Case 1 | Case 2 | Case 3 | |
---|---|---|---|
Length of follow-up | 19 days | 69 days | 35 days |
Stone-free? | Yes | Yes | Yes |
Stent indwelling time | 19 days | 17 days | 35 days |
Stent symptoms? | No | No | No |
Preoperative Hb / Postoperative Hb (g/L) | 156/154 | 144 / 151 | 148 / 151 |
Preoperative creatinine / Postoperative creatinine (μmol/L) | 75/63 | 70/81 | 92/97 |
Blood transfusion? | No | No | No |
Postoperative complications | None | None | None |
Stone analysis | Calcium oxalate | Calcium oxalate | Calcium oxalate/carbapatite |
Discussion
It is widely accepted and agreed that PCNL is an operation that necessitates postoperative admission to hospital.
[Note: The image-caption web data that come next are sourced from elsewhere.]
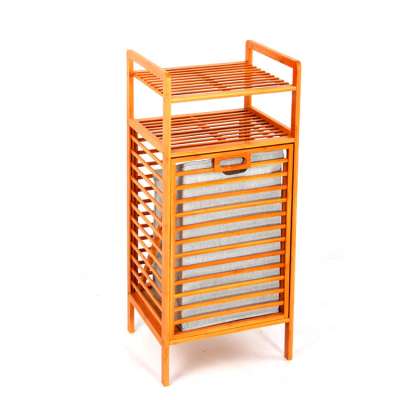 Competitive Price Larger Capacity Bamboo Laundry Basket with 2-tier Shelf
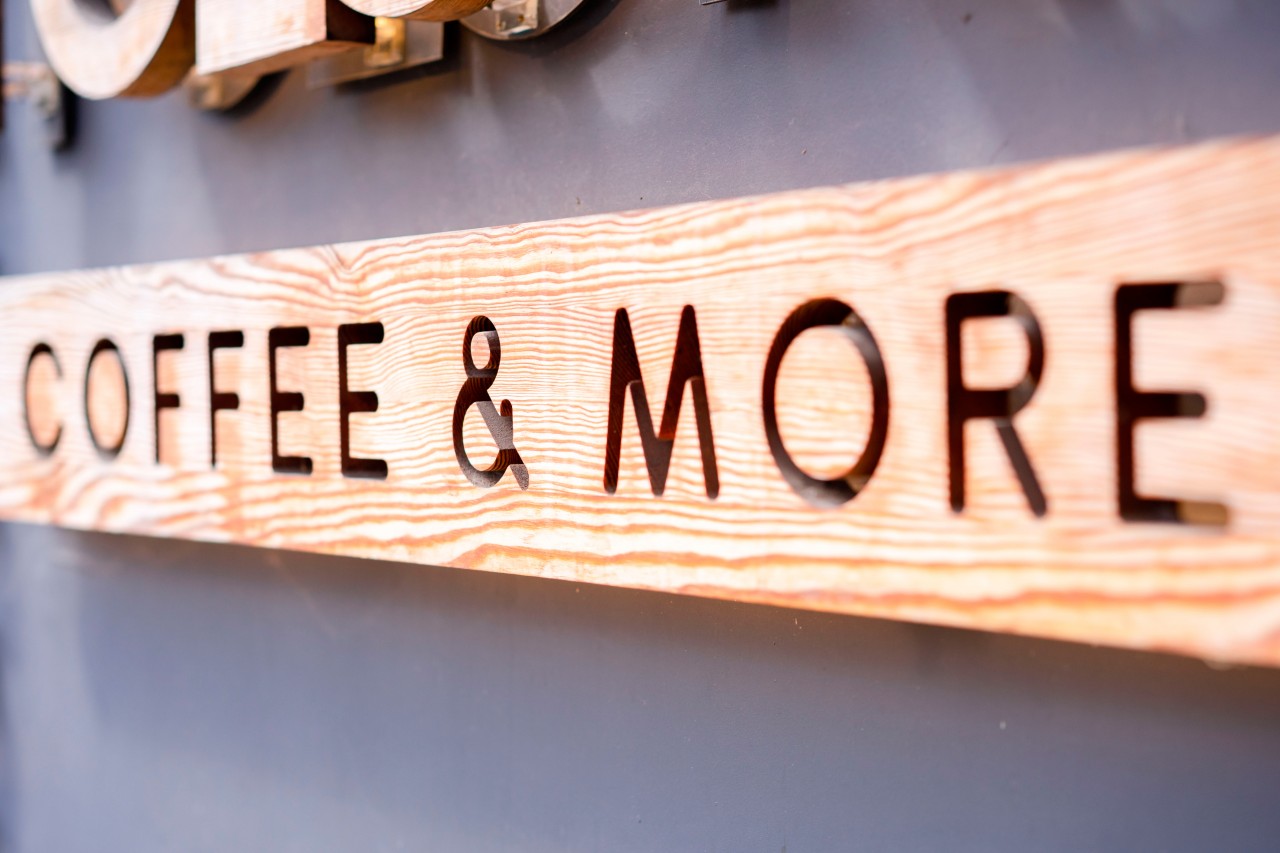 Wooden signboard in a coffee shop
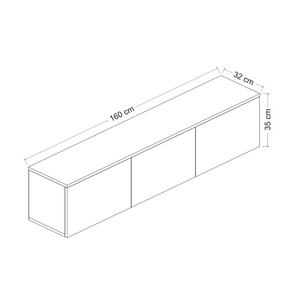 meuble TV contemporain avec rangement 160 cm anthracite nael dimensions concept usine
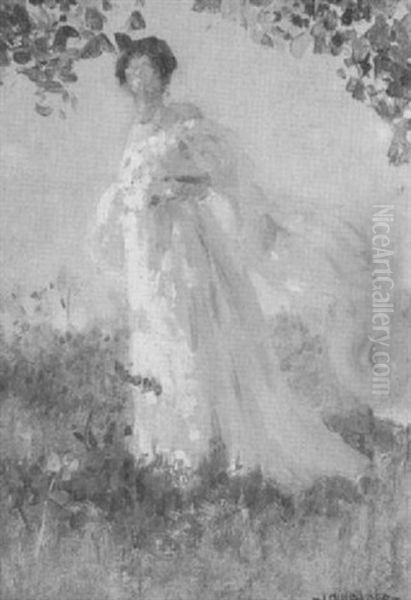 A Lady Standing In The Breeze Oil Painting by Louis Loeb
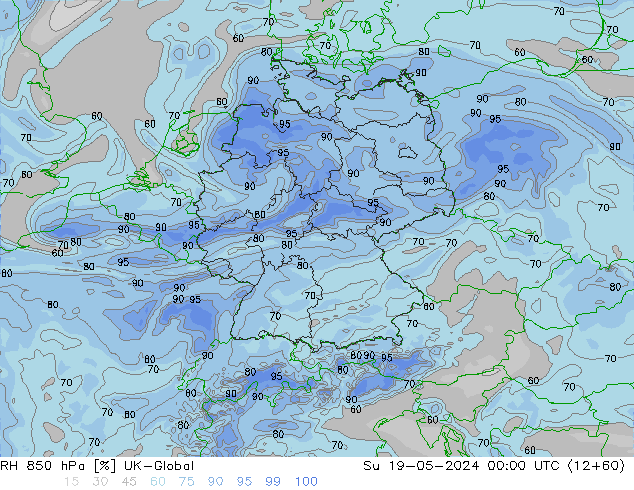 Humidité rel. 850 hPa UK-Global dim 19.05.2024 00 UTC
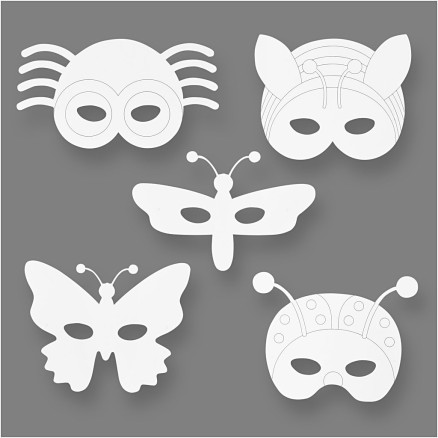 Insekten-Masken, H 14-17 cm, B 19,5-23 cm, 230 g, Weiß, 16 Stk/ 1 Pck Insekten-Masken, H 14-17 cm, B 19,5-23 cm, 230 g, Weiß, 16 Stk/ 1 Pck von Diverse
There are several reasons supporting the need for hospital admission following PCNL: observation for renal hemorrhage; indwelling nephrostomy tube for tamponade of any potential hemorrhage from the dilated tract and to ensure adequate drainage of kidney thus avoiding urinary stasis, leakage and infection; intravenous antibiotics to prevent urosepsis following this clean-contaminated operation; serial bloodwork to assess for hemorrhage, infection and renal function; radiography to rule out residual stones and/or renal obstruction; and observation for the development of medical complications or other non-hemorrhagic surgical complications.
Traditionally, nephrostomy tubes have been placed in the operating room immediately following PCNL. In the early years of PCNL, Winfield and colleagues reported removing the nephrostomy tube at the end of the operation if the kidney was stone-free, the collecting system remained intact and there was minimal bleeding.9 However, complications were reported in 2 cases where nephrostomy tubes were not used; then they soon became the standard of care.
Tubeless PCNL uses ureteral stents in the place of nephrostomy tubes for renal drainage. Several groups have demonstrated that tubeless PCNL can be safely performed without compromising outcomes.4–7 Some literature suggests an advantage of tubeless PCNL is that patients with ureteral stents have a lower analgesia requirement and return to work or normal activities sooner than those who receive nephrostomy tubes.4 Ureteral stents often cause significant morbidity, including bothersome pain, lower urinary tract symptoms, infection, and discomfort associated with stent removal, especially if a tether is not left and the patient requires cystoscopic removal of the stent. However, bothersome stent symptoms were not observed in our 3 patients.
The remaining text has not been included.